The HVA_CPS process is largely repeatable and reproducible through automation of attack graph generation and the search for its most exploitable attack paths. Decisions on exactly how to model the system are still left to human judgement.
Tool have been developed to minimise the human effort and expertise needed to apply the methodology. The system was modelled using a tool designed for the purpose. The same tool automates generation of the attack graph from the system model and identifies the shortest attack paths through the model. The open-source compiler for the Meta Attack Language enables use of detailed MAL programmes.
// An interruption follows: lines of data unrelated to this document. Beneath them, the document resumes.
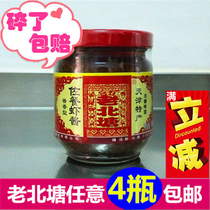 Tianjin Beitang specialty Laobitang served with shrimp paste seafood sauce series sauce flavor rich seasoning sauce full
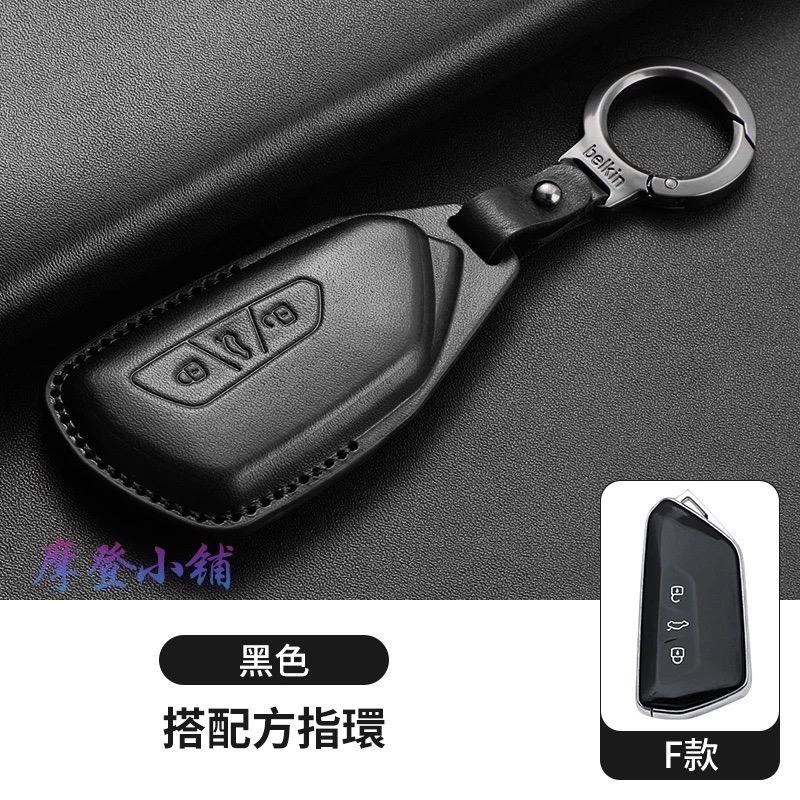 福斯 Volkswagen Golf Polo Arteon GTI Golf R Tiguan 納帕牛皮 鑰匙皮套-規格圖10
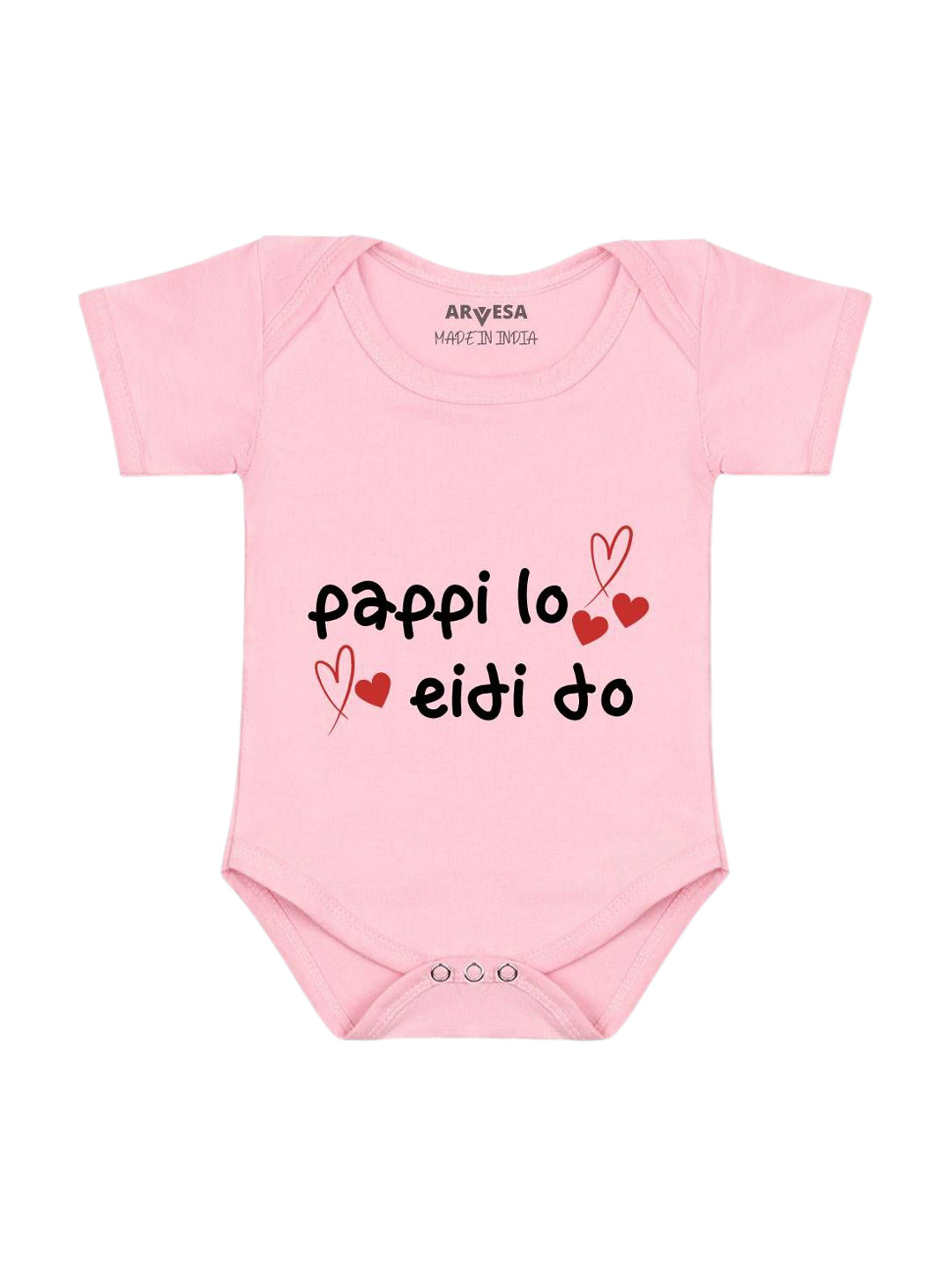 Arvesa Pappi Lo Eidi Do Printed Bodysuit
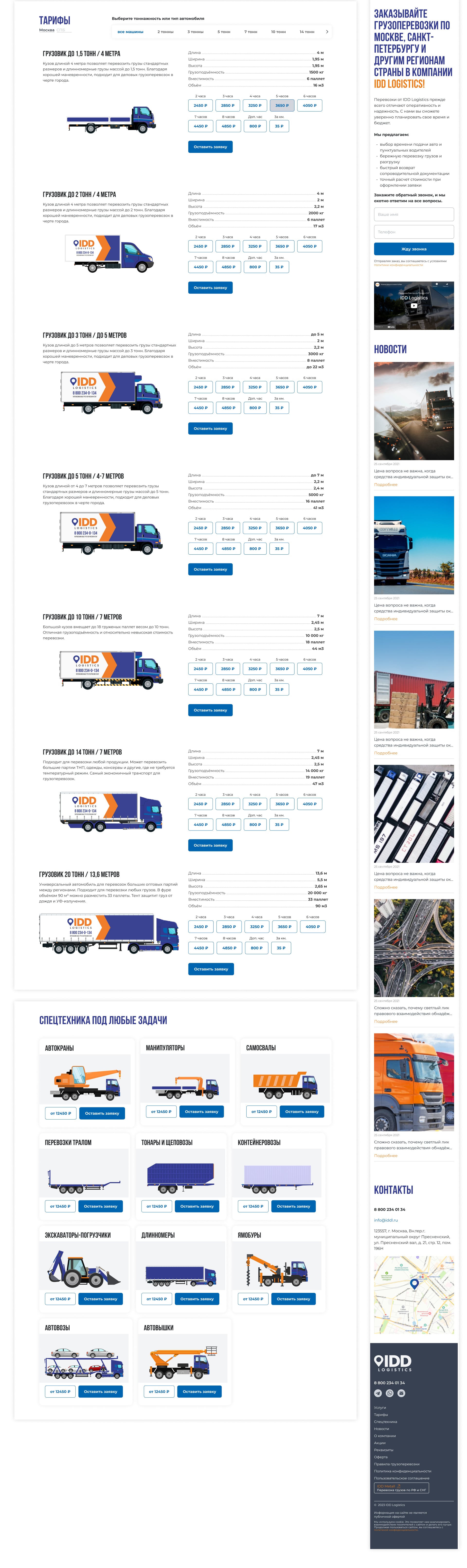 Дизайн сайта IDD logistics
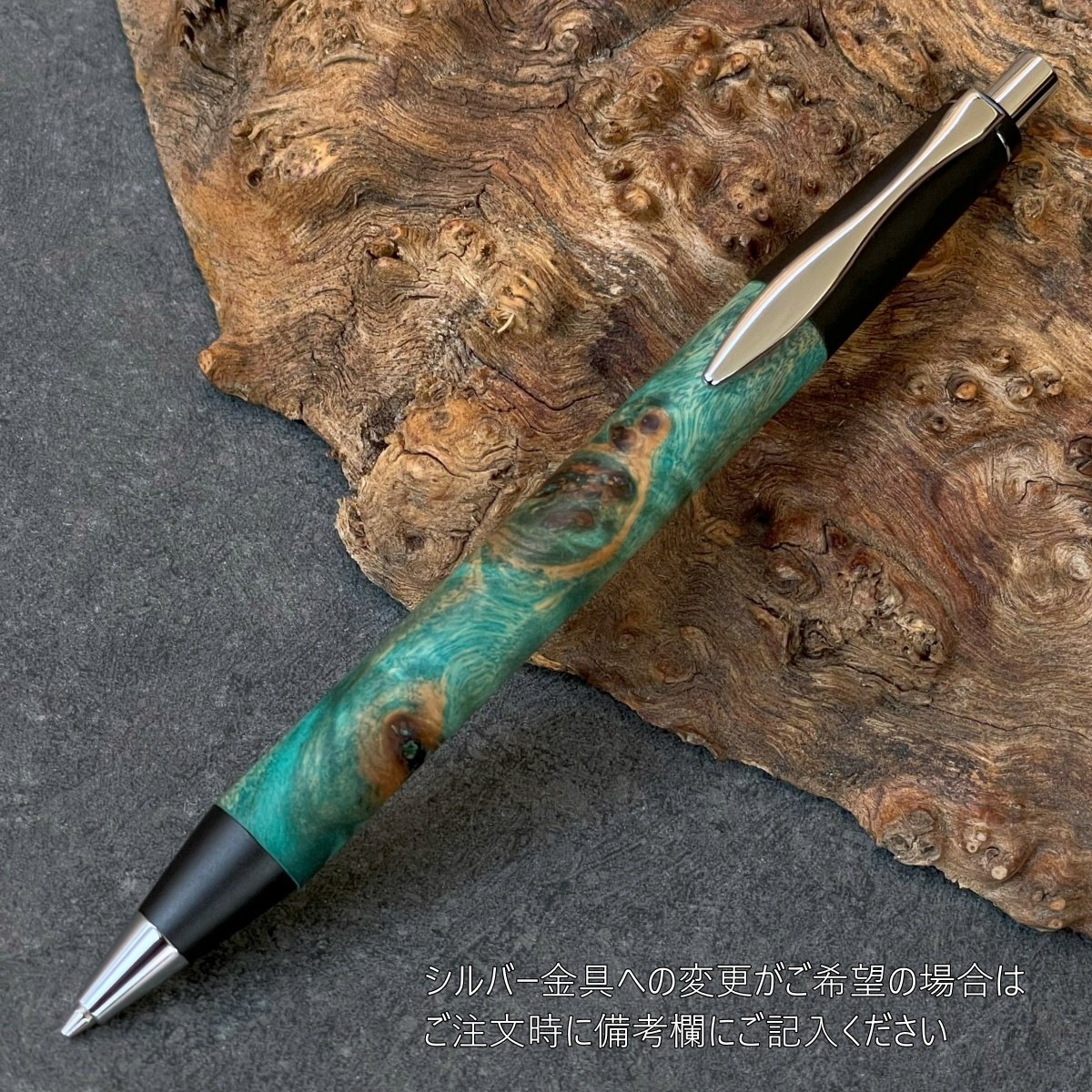 BLUEスタビライズドウッド・ポプラ瘤杢 / 新感覚の木軸ペン MP&BP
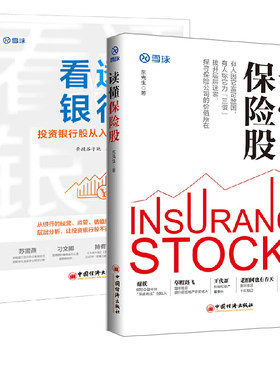 【全2册】《读懂保险股》+看透银行投资银行股从入门到精通投资理财股票投资书企业管理价值投资选股估值基金书籍中国经济出版社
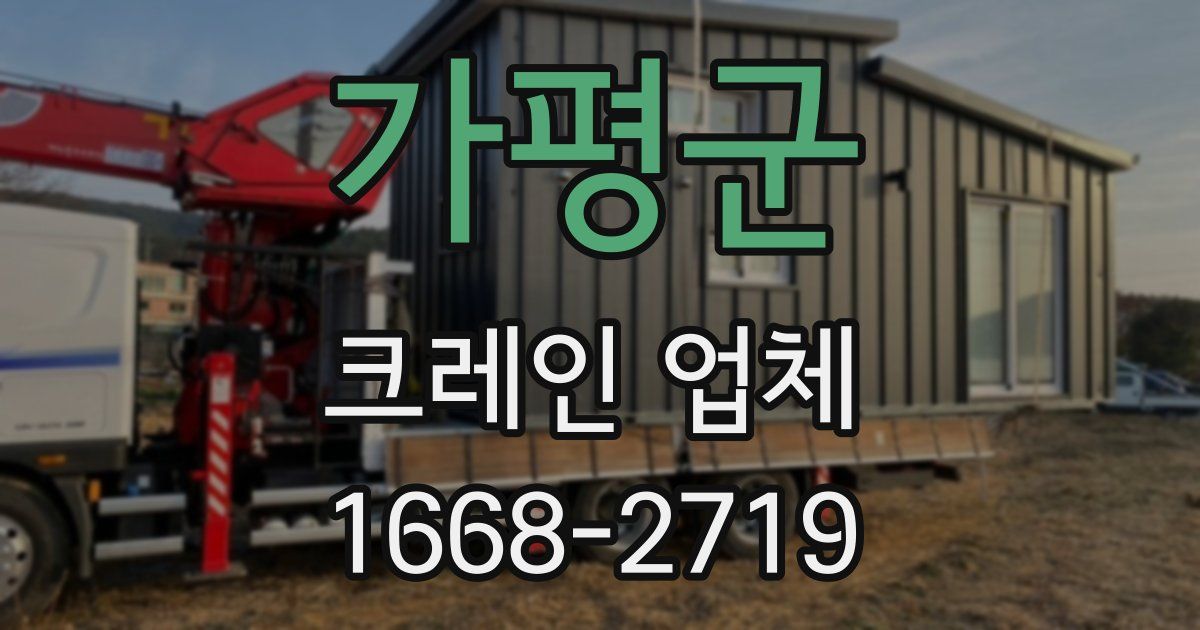 가평군 크레인 업체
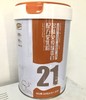 九零牧场多肽免疫球蛋白配方驼乳粉320克罐装 商品缩略图1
Building high fidelity models still requires significant human input.
All steps of the HVA_CPS process have been demonstrated on a complex distributed CPS, apart from steps 4c & 4d. These have been implemented on HCAs based on a complex distributed CPS. The formalism is readily applicable to other HCAs.
High-fidelity models can be developed using detailed meta-models specified in MAL programmes. Component vulnerabilities can be captured by instantiating vulnerability objects defined in a MAL programme, such as coreLang. The exploitability of vulnerabilities in the model can be represented by modifying the difficulty of attack steps that exploit them.
Traceability of threat to loss is achieved through a combination of the identification of HCAs and the attack paths that attackers can exploit to cause them. This is demonstrated in the output risk log.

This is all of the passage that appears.